We ink the contracts next week, after which I embark on the latest chapter of my career; I become wholly responsible for the online presence of a medium-sized membership organization.

Clearly, I wanted this client; I pursued them for more than two years. And the project fits me so well it’s as if it was custom-tailored on Savile Row.

And yes, it’s a contract/retainer gig (freelancers love the sound of “retainer” – it rolls off the tongue like honey).

I am a very happy freelancer. Truly.

Passive Marketing vs Active Pursuit

I’ve long said copywriters shouldn’t meekly accept whatever work falls from the sky.

Instead, they should pursue the clients and projects that appeal to them – the projects and people they want to write for.

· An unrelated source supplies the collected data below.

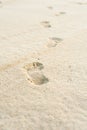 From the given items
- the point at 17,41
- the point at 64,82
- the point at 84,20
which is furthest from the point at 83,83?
the point at 84,20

It’s not always easy. Chasing clients who aren’t convinced they need your help leads to a fair amount of rejection.

Which isn’t any fun.

Yet the rewards can be significant (just ask me next week).

For example, I recently spoke to an old friend and a copywriter from the Silicon Valley.

While he has a website (just barely) and sends out the odd enewsletter to a list he hand-compiled over the years, he’s never touched a blog or messed with social media (well, he’s on LinkedIn).

And he stays incredibly busy (six figures, easy).

What Does He Know That You Don’t?

He calls people. Cold calls them if needed. Asks for referrals. Works his network.

Basically, he exercises the simple, personal tactics that have always worked, but fell into disfavor when online media erupted.

Which is precisely why they work so well.

Despite the difficulties of a troubled economy, too few freelancers seem willing to take any risks (outside of a moment’s rejection, there isn’t much real risk to blowing a cold call).

And believe me, the old stuff still works. Cold calls, lumpy mailers, postcards – all will deliver high-quality clients.

Provided you’re willing to take a few small personal risks.

For example, I’m facing a year-end work overload. Five websites/online presences need building (along with the goodies that fill them, and the streams they connect to); several enewsletters have to be sent; a software product is launching; a local nonprofit needs a website and a favor… and there’s more. Much more. Way too much.

Exactly one of those jobs came to me via online channels.

Keep writing (and searching for the work that makes you happy), Tom Chandler.